The Information Wrangler

He develops new ways to get the most information with the least effort
Photo by John B. Carnett; digital imaging by Neil Duerden

We may earn revenue from the products available on this page and participate in affiliate programs. Learn more ›

Carlos Guestrin wants to stop the spread of waterborne disease, design chairs that adjust to your posture, and cure Internet-induced information overload. This might seem a bit overambitious, but Guestrin has developed a single algorithm that can tackle them all.

Four years ago, Guestrin worked on an Intel project that involved placing tiny wireless sensors in a redwood forest. The researchers planned to use the sensors to learn about the forest’s microclimates. “I asked them how they were going to decide where to put the sensors,” he recalls. “They said they were more or less going to use intuition.”

Guestrin knew he could do better, and began to devise a way to optimize both the location and the number of sensors to gather the highest-quality data. The resulting algorithm churned through all possible locations for the first sensor, ranked each location in terms of its information-gathering potential, picked the best one, and then recalibrated all the other locations based on that choice. The second-best sensor was the one that added the most new information, and the algorithm continued re-ranking until the cost of installing one more exceeded the value of the data it would gather.

All Guestrin’s projects involve information flowing through a network, whether it’s temperature data in a forest, forces applied to a chair as a person sits down, or even news of a politician’s affair sprinting through the blogosphere. In each case, the algorithm’s goal is to get the best data through as few sensors, or with as little effort, as possible. A blog, for example, is a potential “sensor” of a story. Guestrin’s algorithm defined the best blogs as those that break big news stories early but don’t force users to read through too many posts to find them. As with the forest, it picked one, re-ranked, chose the next one, and so on, narrowing a list of 45,000 possible blogs down to the most efficient 100. (When Guestrin ran the program in 2006, Instapundit topped the list.

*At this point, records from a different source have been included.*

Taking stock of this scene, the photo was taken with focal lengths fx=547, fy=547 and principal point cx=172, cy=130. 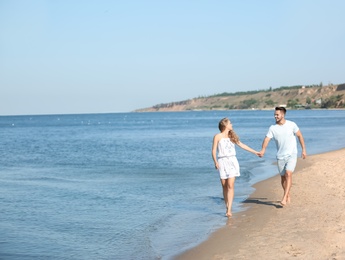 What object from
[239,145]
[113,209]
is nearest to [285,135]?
[239,145]

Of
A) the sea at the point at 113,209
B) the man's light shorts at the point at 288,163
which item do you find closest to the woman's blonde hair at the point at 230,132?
the man's light shorts at the point at 288,163

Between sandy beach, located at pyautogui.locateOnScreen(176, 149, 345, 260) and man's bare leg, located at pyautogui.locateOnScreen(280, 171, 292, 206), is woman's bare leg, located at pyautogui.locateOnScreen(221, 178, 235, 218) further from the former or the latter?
man's bare leg, located at pyautogui.locateOnScreen(280, 171, 292, 206)

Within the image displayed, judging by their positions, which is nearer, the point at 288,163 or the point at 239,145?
the point at 239,145

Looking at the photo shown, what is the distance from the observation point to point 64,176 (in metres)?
19.0

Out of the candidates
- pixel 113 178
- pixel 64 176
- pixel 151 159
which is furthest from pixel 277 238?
pixel 151 159

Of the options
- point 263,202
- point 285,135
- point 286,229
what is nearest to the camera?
point 286,229

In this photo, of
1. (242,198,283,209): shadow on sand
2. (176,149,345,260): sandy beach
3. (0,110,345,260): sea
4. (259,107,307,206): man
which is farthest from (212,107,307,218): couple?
(0,110,345,260): sea

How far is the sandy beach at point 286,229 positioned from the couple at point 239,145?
62 cm

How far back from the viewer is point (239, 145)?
9477 millimetres

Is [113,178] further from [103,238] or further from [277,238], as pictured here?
[277,238]

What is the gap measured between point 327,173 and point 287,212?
18.2 ft

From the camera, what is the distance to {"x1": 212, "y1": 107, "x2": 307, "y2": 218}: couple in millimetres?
9453

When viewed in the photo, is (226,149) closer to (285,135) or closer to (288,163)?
(285,135)

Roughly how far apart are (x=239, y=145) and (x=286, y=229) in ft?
6.04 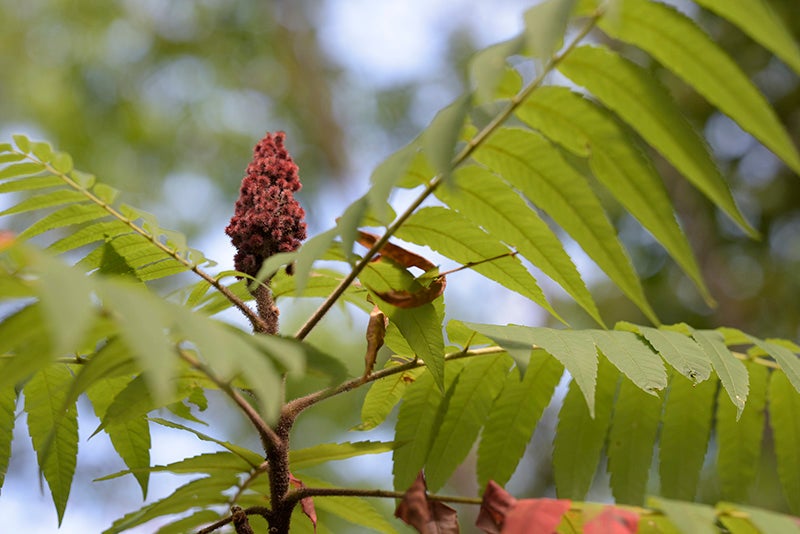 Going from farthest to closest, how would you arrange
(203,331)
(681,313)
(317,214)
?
1. (317,214)
2. (681,313)
3. (203,331)

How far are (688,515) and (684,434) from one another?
0.69 metres

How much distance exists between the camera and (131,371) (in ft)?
3.26

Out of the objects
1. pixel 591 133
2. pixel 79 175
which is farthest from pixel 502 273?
pixel 79 175

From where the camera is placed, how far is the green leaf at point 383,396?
1407mm

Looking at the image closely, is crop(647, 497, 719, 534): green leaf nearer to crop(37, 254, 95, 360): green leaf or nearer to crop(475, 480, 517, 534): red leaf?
crop(475, 480, 517, 534): red leaf

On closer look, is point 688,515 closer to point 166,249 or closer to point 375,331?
point 375,331

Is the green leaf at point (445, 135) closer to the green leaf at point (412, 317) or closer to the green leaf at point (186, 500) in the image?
the green leaf at point (412, 317)

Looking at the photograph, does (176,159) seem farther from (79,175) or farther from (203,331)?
(203,331)

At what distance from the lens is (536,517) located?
95 centimetres

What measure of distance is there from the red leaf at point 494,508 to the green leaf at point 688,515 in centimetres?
20

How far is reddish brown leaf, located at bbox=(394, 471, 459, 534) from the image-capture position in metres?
1.04

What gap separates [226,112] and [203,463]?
401 inches

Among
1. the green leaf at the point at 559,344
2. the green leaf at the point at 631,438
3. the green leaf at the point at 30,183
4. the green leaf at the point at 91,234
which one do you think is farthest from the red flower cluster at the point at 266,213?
the green leaf at the point at 631,438

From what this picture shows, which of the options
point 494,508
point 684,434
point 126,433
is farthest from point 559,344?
point 126,433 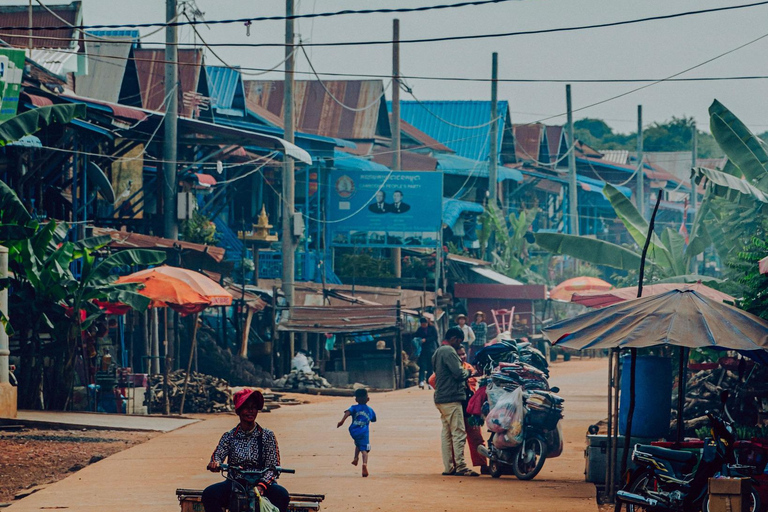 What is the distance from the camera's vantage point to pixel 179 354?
24578mm

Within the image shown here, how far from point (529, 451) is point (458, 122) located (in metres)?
37.8

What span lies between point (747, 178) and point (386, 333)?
9.30 metres

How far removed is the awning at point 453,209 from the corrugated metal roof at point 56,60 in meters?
13.0

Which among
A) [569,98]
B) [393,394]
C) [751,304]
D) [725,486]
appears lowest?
[393,394]

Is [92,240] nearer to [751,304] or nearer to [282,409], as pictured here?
[282,409]

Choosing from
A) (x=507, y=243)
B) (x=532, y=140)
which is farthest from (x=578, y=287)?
(x=532, y=140)

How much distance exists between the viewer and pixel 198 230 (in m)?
25.6

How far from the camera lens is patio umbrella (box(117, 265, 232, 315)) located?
1911 centimetres

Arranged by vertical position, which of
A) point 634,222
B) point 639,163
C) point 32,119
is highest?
point 639,163

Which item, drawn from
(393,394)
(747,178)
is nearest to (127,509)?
(747,178)

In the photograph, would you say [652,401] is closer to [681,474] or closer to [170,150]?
[681,474]

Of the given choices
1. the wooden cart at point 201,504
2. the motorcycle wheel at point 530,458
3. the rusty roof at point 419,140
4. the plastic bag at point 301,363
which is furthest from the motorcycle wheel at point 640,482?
the rusty roof at point 419,140

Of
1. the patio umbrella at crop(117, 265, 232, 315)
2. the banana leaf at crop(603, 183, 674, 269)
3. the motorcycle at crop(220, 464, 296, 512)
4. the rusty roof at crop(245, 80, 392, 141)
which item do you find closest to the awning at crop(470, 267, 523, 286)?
the rusty roof at crop(245, 80, 392, 141)

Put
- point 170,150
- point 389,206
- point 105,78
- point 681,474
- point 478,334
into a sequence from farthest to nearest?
point 389,206 < point 478,334 < point 105,78 < point 170,150 < point 681,474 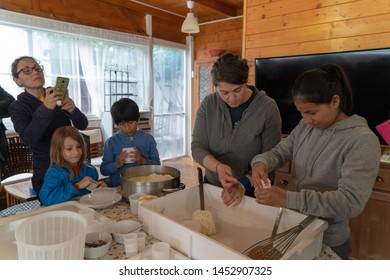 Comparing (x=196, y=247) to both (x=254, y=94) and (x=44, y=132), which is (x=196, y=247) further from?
(x=44, y=132)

There are other sensor-placement algorithms, but Guestrin’s is uniquely fast and accurate. It won a simulation-based, EPA-sponsored contest that asked researchers to determine the best spots to place water-pollution sensors in a massive network of pipes. And Guestrin has proven theoretically that it is near-perfect. “This is the beautiful part,” he says. “No matter how smart you are at designing an algorithm, you can’t get much better than this.”